Jim Wyban remembers back to the 1950s and ’60s when agriculture generated about half of Hawai‘i’s GDP. Today, he says, ag accounts for about 0.4%.
“We believe that the introduction of technology into agriculture could reverse this bad trend.” The “we” are Wyban and Jason Ueki, founders and organizers of the Thrive Hawai‘i Agrifood Summit, formerly called the Tropical AgTech Conference.
“The conference is an economic development platform showcasing new climate-smart ag technologies that can increase Hawai‘i ag efficiencies, boost production, increase salaries, create exportable intellectual property, and reinvent Hawai‘i ag to be a growth industry,” Wyban says. This year’s event will be held on September 26 and 27 at the Hawai‘i Convention Center in Honolulu.
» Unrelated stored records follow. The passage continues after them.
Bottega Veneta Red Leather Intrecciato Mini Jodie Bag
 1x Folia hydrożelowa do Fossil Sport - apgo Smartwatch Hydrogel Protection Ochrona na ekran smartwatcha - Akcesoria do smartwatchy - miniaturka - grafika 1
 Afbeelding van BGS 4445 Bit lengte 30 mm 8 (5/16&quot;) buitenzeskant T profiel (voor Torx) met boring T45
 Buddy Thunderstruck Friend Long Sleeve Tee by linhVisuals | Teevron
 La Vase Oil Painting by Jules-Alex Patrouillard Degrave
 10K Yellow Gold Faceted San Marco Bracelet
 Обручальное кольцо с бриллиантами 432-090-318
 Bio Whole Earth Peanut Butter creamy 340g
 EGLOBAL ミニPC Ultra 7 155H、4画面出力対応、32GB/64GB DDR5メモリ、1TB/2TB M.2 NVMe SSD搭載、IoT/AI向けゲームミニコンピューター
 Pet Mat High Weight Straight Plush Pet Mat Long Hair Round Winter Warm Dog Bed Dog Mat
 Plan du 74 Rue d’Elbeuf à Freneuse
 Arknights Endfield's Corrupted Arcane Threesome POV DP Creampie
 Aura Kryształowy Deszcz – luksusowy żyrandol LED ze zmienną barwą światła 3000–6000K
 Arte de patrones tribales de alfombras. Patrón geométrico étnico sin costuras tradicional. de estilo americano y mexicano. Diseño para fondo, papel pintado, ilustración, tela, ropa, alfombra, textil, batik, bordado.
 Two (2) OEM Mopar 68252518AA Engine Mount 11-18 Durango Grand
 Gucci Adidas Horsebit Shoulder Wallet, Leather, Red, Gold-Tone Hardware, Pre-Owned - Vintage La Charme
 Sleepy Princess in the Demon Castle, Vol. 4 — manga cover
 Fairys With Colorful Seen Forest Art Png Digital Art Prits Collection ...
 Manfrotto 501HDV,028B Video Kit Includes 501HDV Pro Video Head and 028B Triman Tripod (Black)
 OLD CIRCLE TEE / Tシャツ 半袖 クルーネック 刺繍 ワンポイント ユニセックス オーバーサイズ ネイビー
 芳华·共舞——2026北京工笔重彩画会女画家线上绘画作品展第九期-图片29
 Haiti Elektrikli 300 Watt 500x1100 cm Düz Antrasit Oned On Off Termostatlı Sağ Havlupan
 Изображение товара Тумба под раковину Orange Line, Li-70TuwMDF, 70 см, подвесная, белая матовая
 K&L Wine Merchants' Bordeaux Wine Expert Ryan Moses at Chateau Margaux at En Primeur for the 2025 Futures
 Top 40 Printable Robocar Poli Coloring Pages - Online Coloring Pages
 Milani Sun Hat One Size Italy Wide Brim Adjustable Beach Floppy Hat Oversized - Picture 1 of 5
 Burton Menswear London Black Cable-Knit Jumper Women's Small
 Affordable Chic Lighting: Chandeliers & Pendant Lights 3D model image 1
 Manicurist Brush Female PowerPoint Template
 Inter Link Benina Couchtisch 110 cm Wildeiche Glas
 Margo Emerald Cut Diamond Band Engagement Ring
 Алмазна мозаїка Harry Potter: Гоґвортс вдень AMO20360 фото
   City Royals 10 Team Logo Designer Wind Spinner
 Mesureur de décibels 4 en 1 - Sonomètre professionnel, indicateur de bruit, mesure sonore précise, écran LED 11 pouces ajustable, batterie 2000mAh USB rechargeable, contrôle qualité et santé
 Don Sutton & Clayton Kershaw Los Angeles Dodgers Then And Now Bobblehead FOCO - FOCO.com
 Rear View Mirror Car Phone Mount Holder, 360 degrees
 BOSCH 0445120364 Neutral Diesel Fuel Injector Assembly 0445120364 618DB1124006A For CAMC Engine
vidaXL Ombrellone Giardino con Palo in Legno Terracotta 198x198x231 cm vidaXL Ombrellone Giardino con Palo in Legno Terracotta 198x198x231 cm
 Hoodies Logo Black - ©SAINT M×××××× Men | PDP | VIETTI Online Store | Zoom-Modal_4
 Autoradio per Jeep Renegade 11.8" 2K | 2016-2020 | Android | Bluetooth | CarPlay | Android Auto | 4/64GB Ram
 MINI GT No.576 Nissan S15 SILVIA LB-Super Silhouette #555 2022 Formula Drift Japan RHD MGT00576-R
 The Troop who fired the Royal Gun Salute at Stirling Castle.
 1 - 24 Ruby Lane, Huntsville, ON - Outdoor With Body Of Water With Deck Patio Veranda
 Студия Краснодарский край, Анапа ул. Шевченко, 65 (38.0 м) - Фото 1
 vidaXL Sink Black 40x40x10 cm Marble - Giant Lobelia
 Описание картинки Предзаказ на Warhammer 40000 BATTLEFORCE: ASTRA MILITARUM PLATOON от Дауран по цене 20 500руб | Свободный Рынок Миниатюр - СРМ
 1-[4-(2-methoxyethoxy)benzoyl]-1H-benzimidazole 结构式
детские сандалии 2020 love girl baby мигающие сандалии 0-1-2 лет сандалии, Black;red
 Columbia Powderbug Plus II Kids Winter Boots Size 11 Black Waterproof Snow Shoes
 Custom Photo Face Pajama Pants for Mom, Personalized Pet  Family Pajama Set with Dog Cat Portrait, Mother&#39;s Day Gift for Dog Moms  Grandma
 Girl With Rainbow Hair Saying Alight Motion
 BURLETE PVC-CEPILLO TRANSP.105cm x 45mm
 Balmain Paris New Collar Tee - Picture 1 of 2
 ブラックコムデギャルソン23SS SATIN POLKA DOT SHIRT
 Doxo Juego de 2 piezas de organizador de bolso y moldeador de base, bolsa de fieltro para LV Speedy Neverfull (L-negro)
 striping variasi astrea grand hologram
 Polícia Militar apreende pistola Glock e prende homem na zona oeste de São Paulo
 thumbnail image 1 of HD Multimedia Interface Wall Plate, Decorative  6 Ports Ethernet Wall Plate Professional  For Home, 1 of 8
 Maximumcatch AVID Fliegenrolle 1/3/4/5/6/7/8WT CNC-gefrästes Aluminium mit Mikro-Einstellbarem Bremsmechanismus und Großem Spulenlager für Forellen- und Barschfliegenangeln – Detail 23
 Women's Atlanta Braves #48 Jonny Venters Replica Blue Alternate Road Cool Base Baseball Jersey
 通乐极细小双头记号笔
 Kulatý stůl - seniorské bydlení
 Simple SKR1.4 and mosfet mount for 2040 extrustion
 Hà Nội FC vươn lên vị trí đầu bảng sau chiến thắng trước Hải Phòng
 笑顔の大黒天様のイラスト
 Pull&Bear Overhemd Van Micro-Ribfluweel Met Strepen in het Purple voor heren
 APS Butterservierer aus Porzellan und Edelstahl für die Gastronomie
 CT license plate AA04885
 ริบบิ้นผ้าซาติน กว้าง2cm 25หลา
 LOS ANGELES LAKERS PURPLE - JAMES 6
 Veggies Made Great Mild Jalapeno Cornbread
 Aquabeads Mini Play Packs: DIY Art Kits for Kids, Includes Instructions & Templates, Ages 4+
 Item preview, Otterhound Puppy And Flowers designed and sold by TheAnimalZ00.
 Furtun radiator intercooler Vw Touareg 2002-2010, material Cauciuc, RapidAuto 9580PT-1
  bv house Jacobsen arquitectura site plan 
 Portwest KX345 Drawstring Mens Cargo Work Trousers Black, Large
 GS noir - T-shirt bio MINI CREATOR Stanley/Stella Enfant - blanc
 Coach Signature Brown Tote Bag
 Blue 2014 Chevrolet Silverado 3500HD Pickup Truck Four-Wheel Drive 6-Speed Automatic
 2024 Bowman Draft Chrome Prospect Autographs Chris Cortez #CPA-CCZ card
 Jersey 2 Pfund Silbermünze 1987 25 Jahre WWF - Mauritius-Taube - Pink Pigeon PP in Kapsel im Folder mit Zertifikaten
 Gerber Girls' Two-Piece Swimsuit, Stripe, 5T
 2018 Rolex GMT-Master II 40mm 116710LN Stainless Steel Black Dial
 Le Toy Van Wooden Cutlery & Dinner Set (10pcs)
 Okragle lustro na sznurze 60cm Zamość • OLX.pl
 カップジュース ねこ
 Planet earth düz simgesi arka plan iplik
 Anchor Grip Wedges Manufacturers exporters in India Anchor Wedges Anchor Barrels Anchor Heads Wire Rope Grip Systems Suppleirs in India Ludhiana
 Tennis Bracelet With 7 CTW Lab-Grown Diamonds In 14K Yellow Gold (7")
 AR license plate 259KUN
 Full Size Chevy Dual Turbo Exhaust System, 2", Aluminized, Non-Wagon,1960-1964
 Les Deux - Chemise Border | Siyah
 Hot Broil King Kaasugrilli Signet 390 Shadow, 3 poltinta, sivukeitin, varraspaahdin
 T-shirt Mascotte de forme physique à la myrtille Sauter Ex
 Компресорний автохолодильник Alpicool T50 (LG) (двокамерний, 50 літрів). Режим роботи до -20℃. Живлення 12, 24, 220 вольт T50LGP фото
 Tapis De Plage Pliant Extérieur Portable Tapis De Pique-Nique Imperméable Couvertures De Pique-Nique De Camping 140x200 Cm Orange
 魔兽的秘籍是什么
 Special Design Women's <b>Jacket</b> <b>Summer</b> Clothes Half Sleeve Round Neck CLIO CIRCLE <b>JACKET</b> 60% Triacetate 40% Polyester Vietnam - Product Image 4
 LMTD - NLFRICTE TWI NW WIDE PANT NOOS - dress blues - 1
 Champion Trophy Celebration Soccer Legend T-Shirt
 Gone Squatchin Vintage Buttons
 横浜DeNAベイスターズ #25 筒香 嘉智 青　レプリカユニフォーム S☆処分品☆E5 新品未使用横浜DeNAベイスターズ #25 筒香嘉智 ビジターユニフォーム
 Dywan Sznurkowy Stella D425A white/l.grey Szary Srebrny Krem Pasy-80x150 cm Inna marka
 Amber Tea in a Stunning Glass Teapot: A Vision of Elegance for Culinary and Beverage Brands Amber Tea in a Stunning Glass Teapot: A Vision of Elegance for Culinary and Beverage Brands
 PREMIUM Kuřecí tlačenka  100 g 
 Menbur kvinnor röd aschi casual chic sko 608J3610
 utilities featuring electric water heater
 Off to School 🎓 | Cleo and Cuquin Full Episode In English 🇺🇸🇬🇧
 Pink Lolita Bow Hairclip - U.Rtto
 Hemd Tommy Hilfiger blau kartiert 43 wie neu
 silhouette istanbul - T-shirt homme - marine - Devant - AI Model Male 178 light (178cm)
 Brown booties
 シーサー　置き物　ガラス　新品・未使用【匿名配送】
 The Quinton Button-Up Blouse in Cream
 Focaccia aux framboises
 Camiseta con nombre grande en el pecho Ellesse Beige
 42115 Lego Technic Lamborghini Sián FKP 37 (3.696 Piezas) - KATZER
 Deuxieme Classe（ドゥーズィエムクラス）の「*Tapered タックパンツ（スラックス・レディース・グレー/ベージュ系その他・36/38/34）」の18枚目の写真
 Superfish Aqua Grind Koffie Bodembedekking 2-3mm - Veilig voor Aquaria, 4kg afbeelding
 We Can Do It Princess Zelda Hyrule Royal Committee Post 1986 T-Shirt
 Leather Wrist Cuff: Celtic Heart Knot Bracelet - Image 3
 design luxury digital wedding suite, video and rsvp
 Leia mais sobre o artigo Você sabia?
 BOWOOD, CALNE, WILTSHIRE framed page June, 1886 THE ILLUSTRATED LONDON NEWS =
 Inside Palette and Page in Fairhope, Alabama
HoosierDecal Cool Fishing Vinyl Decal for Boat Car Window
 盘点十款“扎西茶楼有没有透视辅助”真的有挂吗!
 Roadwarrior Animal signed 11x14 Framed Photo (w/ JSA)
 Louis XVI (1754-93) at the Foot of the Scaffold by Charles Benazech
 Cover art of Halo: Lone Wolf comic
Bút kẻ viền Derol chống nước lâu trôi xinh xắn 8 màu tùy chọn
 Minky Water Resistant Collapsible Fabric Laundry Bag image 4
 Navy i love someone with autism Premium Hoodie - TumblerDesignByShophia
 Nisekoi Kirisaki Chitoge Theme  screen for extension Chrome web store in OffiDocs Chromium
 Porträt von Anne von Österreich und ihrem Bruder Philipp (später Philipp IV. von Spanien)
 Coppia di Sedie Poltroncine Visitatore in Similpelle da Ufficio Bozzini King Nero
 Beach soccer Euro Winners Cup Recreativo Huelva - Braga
Replacing an aging ag workforce
Denise Yamaguchi, executive director of the Hawai‘i Agricultural Foundation, says, “The average age of a farmer in Hawai‘i and across the nation is 60.” The aging farm workforce is not being replaced by younger farmers.
“Many of us living in Hawai‘i are the fourth or fifth generation of immigrants who came to Hawai‘i and worked on plantations,” she says. But most of our parents, grandparents, and great-grandparents, she says, didn’t want their children to become farmers, which has created an ag labor shortage.